Pemohon harus mempunyai kepentingan langsung terhadap kewenangan yang dipersengketakan.438 Yang dimaksud dengan kewenangan yang dipersengketakan ini adalah kewenangan yang diberikan atau ditentukan oleh UUD 1945.

b)     Termohon

Termohon adalah lembaga negara yang dianggap telah mengambil, mengurangi, menghalangi, mengabaikan, dan/atau merugikan pemohon. Di dalam Pasal 2 ayat (1) Peraturan Mahkamah Konstitusi Nomor 08/PMK/2006 tentang Pedoman Beracara Dalam Sengketa Kewenangan Konstitusional Lembaga Negara diatur, bahwa lembaga negara yang dapat menjadi termohon dalam perkara sengketa kewenangan konstitusional lembaga negara adalah:

a. Dewan Perwakilan Rakyat (DPR);

b. Dewan Perwakilan Daerah (DPD);

c. Majelis Permusyawaratan Rakyat (MPR);

d. Presiden;

e. Badan Pemeri Pemeriksa Keuangan (BPK);

f. Pemerintahan Daerah (Pemda); atau

g. Lembaga negara lain yang kewenangannya diberikan oleh UUD 1945.

Adanya rumusan hukum tentang pengertian ‘lembaga negara lain’ menunjukkan, bahwa kemungkinan termohon lain di luar yang telah disebutkan di atas masih terbuka atau ada, tergantung pada hakim. Komisi Pemilihan Umum (KPU) Pusat misalnya, dapat saja menjadi termohon dalam perkara SKLN, tergantung pada bagaimana hakim menafsirkannya.

Dalam pemeriksaan perkara, pemohon dan termohon memiliki kedudukan yang sama (equal). Keduanya memiliki kesempatan dan kebebasan yang sama untuk mengajukan hal-hal yang dianggapnya benar menurut[7] hukum. Keduanya juga memiliki hak dan kebebasan yang sama untuk mengajukan pembelaan dan bukti-bukti yang dianggap perlu. Dengan demikian kedudukan pemohon dan termohon berkaitan dengan pemeriksaan perkaranya bersifat accusatoir.

Pemohon dan/atau termohon dapat didampingi atau diwakili oleh kuasa hukumnya berdasarkan surat kuasa khusus untuk itu. Dalam hal pemohon dan/atau termohon didampingi oleh selain kuasanya, pemohon dan/atau termohon harus membuat surat keterangan yang khusus untuk itu. Surat kuasa khusus dan surat keterangan khusus tersebut harus ditunjukkan dan diserahkan kepada majelis Hakim dalam persidangan.

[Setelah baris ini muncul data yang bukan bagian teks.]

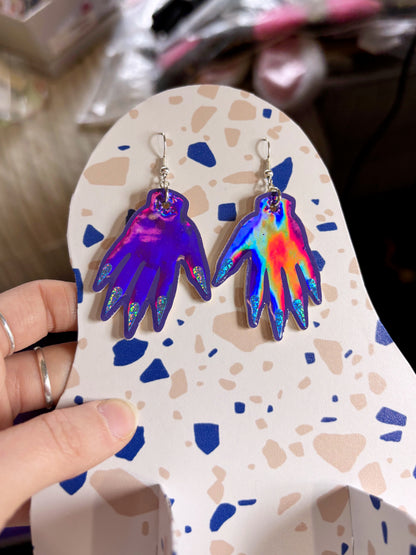 Sparkly Hand Earrings - Purple Holo image 7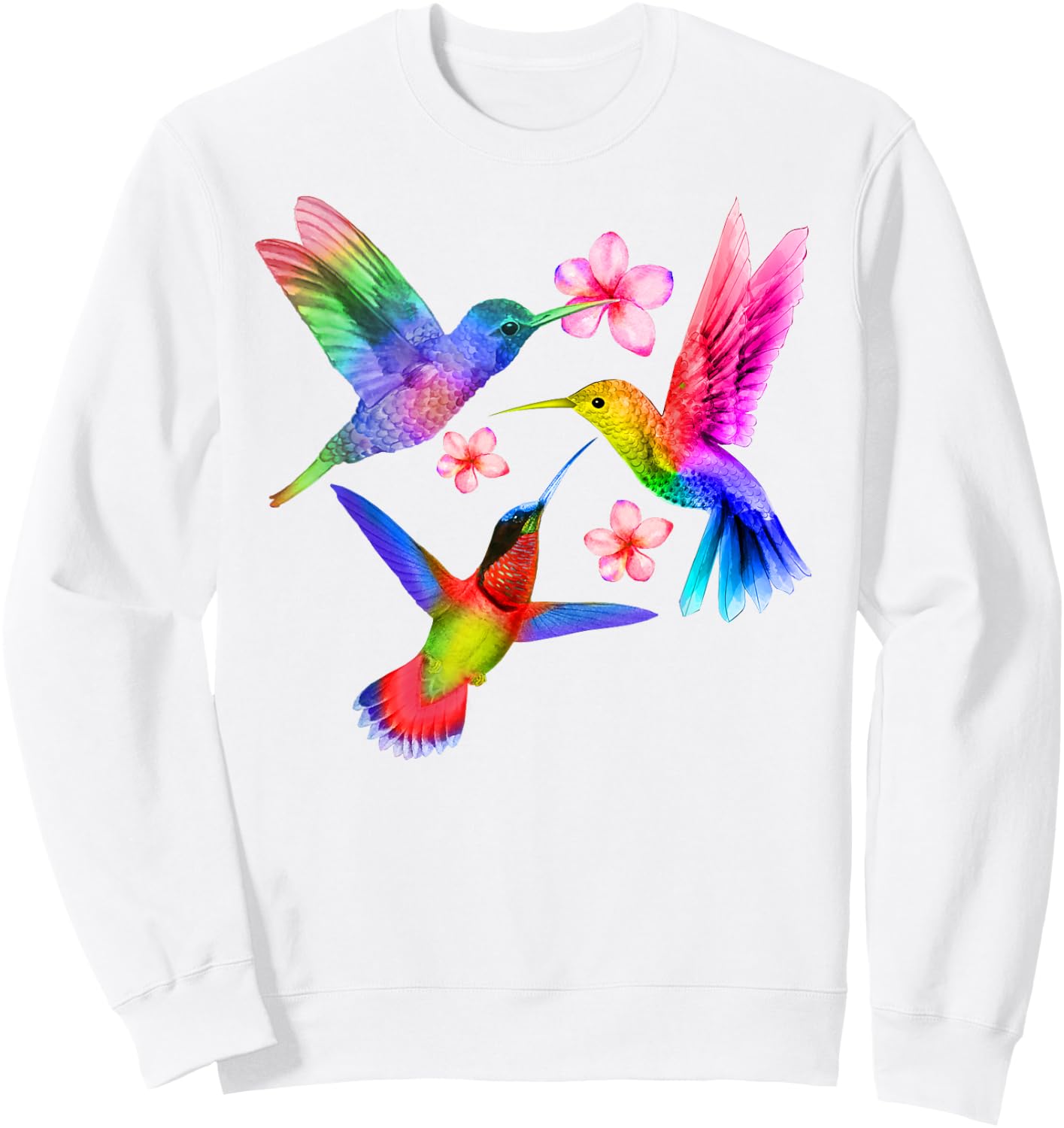 Rainbow Hummingbird Watercolor Colorful Bird Lover Gift Sweatshirt - Sweatshirt | White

c)      Kemungkinan MA Sebagai Pihak Dalam Perkara SKLN

Pasal 65 UU MK secara tegas menyatakan, bahwa Mahkamah Agung tidak dapat ditarik menjadi termohon dalam sengketa kewenangan lembaga negara semacam ini.444 Selanjutnya, Pasal 2 ayat (3) Peraturan Mahkamah Konstitusi Nomor 08/PMK/2006 juga mengatur, bahwa Mahkamah Agung (MA) tidak dapat menjadi pihak, baik sebagai pemohon ataupun termohon dalam sengketa kewenangan teknis peradilan (yustisial). Akan tetapi, di luar sengketa kewenangan teknis peradilan (yustisial), Mahkamah Agung dapat menjadi pihak dalam perkara SKLN.

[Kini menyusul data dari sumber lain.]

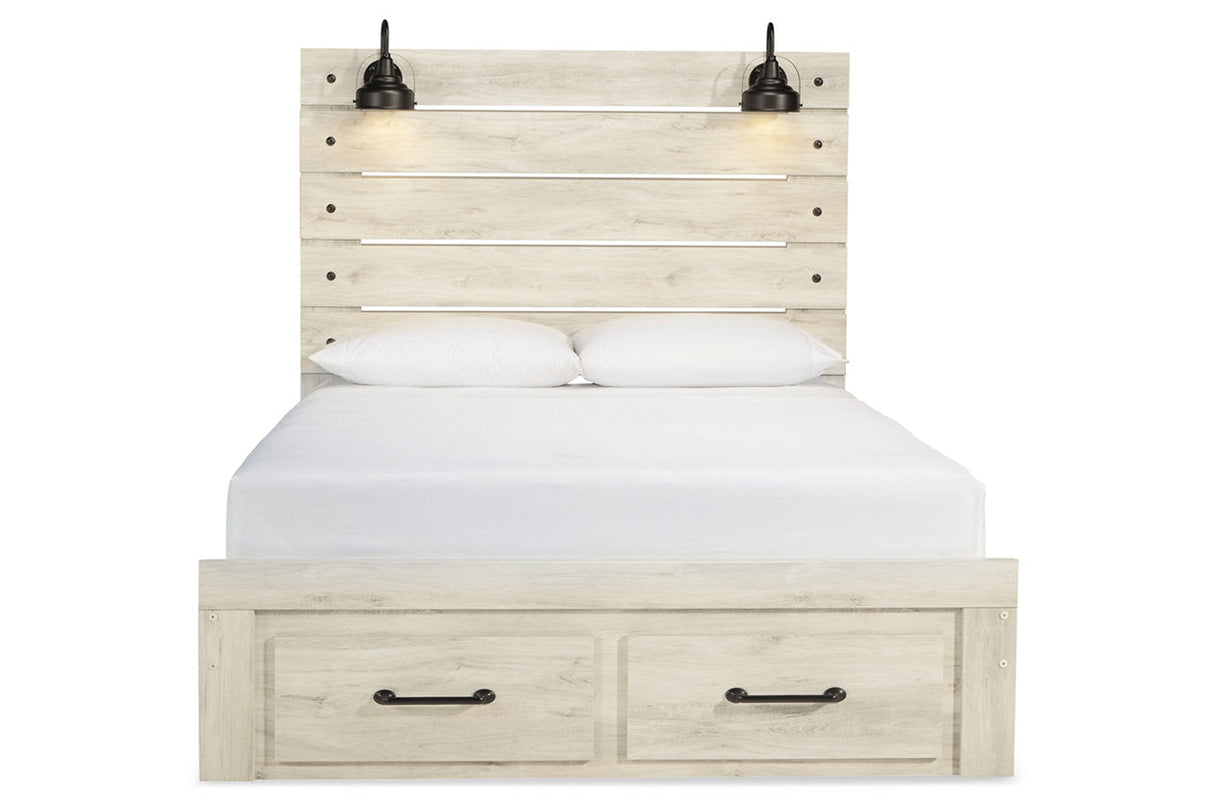 Cambeck Whitewash Queen Storage Panel Bed by Ashley at Eve Furniture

Apabila ketentuan dalam UU MK dan PMK di atas dicermati, secara yuridis-formal, memang MA tidak dapat menjadi pihak sepanjang kewenangan yang dipersengketakan itu terkait dengan fungsi dan teknis peradilan (yudisial), baik sebagai pemohon ataupun termohon dalam perkara SKLN, akan tetapi ini tidak berarti, bahwa Mahkamah Agung tidak akan mungkin bersengketa dengan lembaga negara lainnya. Misalnya:

1. Sengketa Kewenangan antara KY dengan MA tentang pengangkatan hakim;

2. Sengketa Kewenangan antara KY dengan MA tentang pengawasan dan penjatuhan sanksi terhadap hakim;

3. Sengketa Kewenangan antara DPR dengan MA tentang pengangkatan hakim.[8]

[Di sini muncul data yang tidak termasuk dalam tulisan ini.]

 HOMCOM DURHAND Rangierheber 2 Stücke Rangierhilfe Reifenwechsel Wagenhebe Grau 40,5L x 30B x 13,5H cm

6.      Permohonan Dan Tata Cara Pengajuan

Dalam jenis perkara SKLN ini, harus disebutkan dalam permohonan pemohon, lembaga mana yang menjadi termohon yang merugikan kewenangannya yang diperoleh dari UUD 1945. Hal ini jelas diatur dalam Pasal 61 ayat (1) dan ayat (2) UU MK, yang menggariskan:

(1) Pemohon adalah lembaga negara yang kewenangannya diberikan oleh Undang-Undang Dasar Negara Republik Indonesia Tahun 1945 (subjectum litis) yang mempunyai kepentingan langsung terhadap kewenangan yang dipersengketakan (objectum litis).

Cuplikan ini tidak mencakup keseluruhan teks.